Millicent Fawcett was not a ‘suffragette’ as erroneously stated in this article, she was a leading suffragist – a very important distinction. Here is a quotation from her book ‘Women’s Suffrage: A Short History of a Great Movement’ in which she disavows the violence and despotism of Emmeline Pankhurst’s suffragette movement:
‘I could not support a revolutionary movement, especially as it was ruled autocratically, at first, by a small group of four persons, and latterly by one person only. In 1908, this despotism decreed that the policy of suffering violence, but using none, was to be abandoned. After that, I had no doubt whatever that what was right for me and the NUWSS [National Union of Women’s Suffrage Societies] was to keep strictly to our principle of supporting our movement only by argument, based on common sense and experience and not by personal violence or lawbreaking of any kind.’

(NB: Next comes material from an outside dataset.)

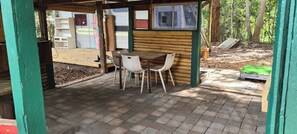 Outdoor dining - Forest Gypsy Tiny Home (Barkers Vale)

I knew Boris when we were undergraduates in Oxford, and I never saw nor heard anything bad about him. People used to shout “Boris!” at him from across the street, affectionately, the same way they shouted “Fascist!” at me, a little less affectionately. Looking back, I think his political opinions were probably similar to mine, but he exuded a fragrance of Social Democracy, while nobody could have mistaken me for anything other than a Monday Clubber.
He was certainly neither stupid nor impractical, though he loved to pretend to be both. Whenever I met him, I felt slightly starstruck, the way I suspect that University acquaintances of William Gladstone did.

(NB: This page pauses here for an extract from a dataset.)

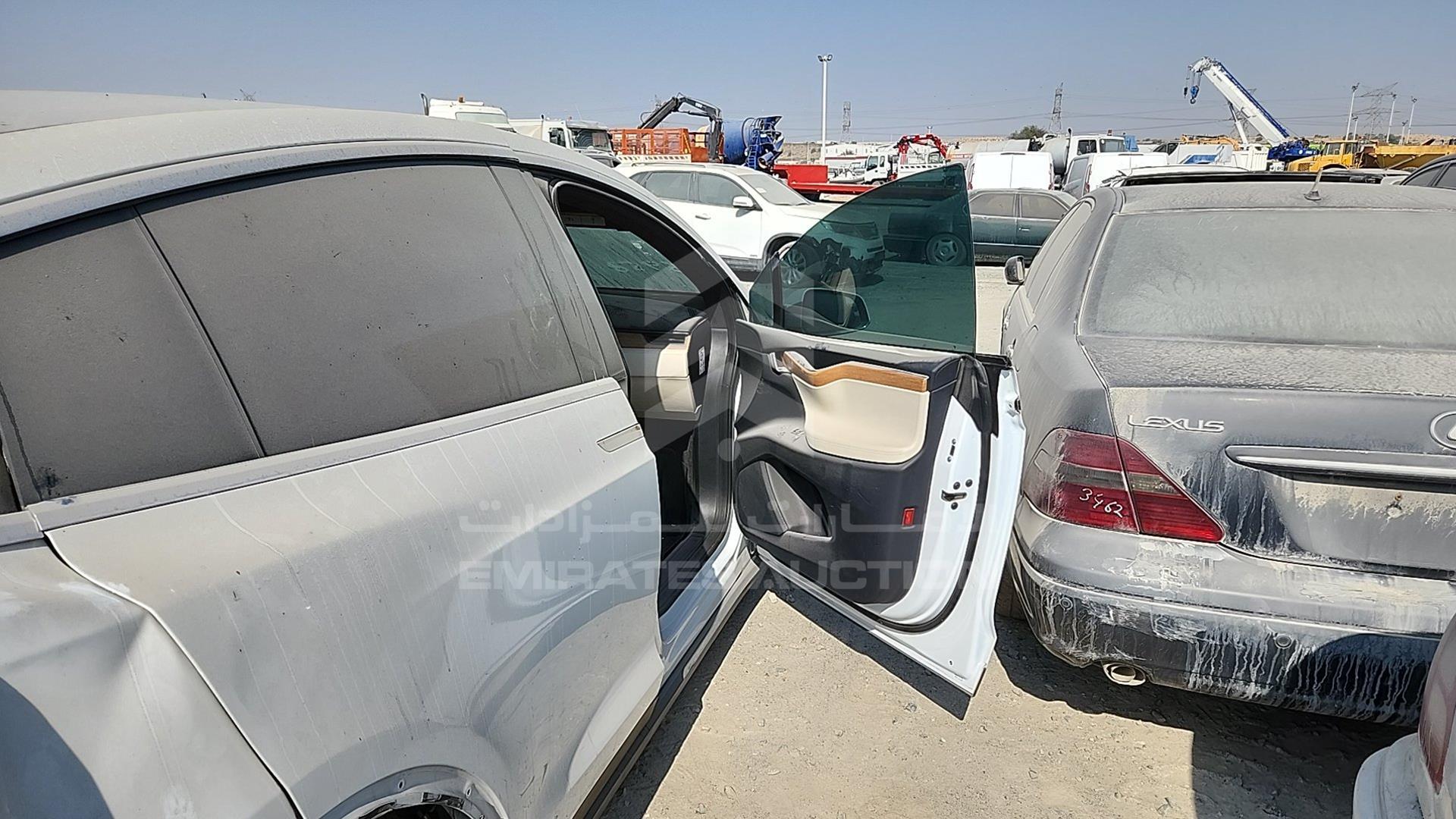 2020 TESLA MODEL X VIN: 5YJXCCE27LF216354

He’s made an excellent start, giving Rees-Mogg and Patel the Cabinet seats they were born to sit on, and he’s ensured that the odious Hancock, Javid, Morgan and Rudd can’t torpedo Brexit from their departments.

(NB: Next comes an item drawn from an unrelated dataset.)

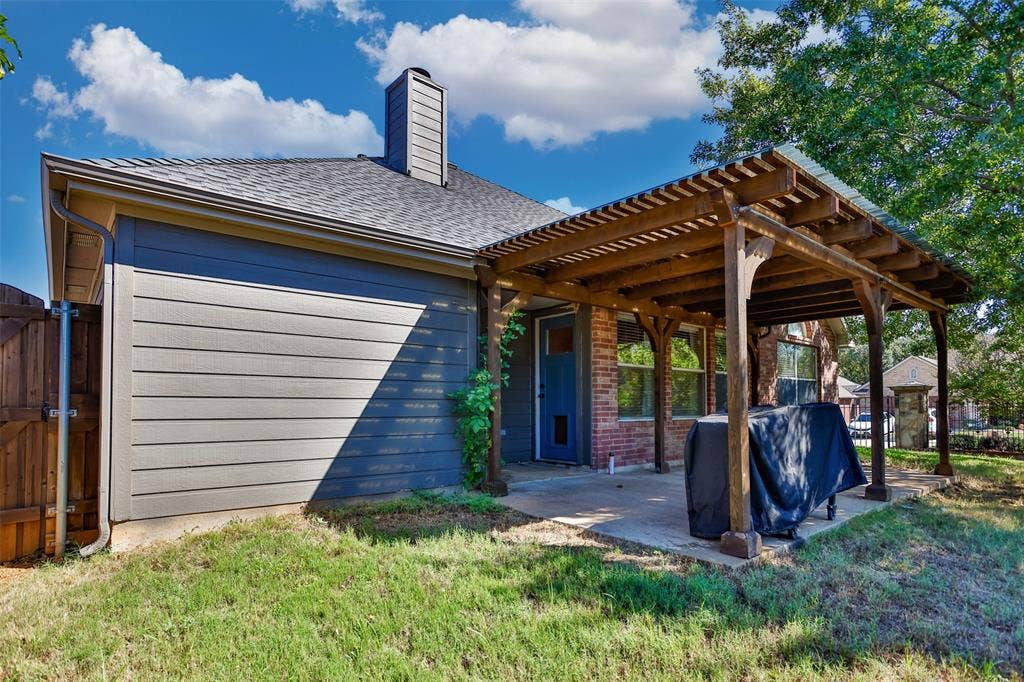 1812 Copper Leaf Drive, Corinth, TX 76210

For the first time since the Referendum result was announced, I’m feeling optimistic about British politics.
Thank you Merrie Cave. An interesting background story to Boris Johnson. Let us give him the benefit of our support while he pursues the path he has indicated is his aim, and not start calling him a liar while he is not one.
To be fair, he is a liar.
‘A liar, completely untouched rust worthy and base immorality too? The perfect man to deal with the EU.
Forgive the typos. I am drunk with expectation.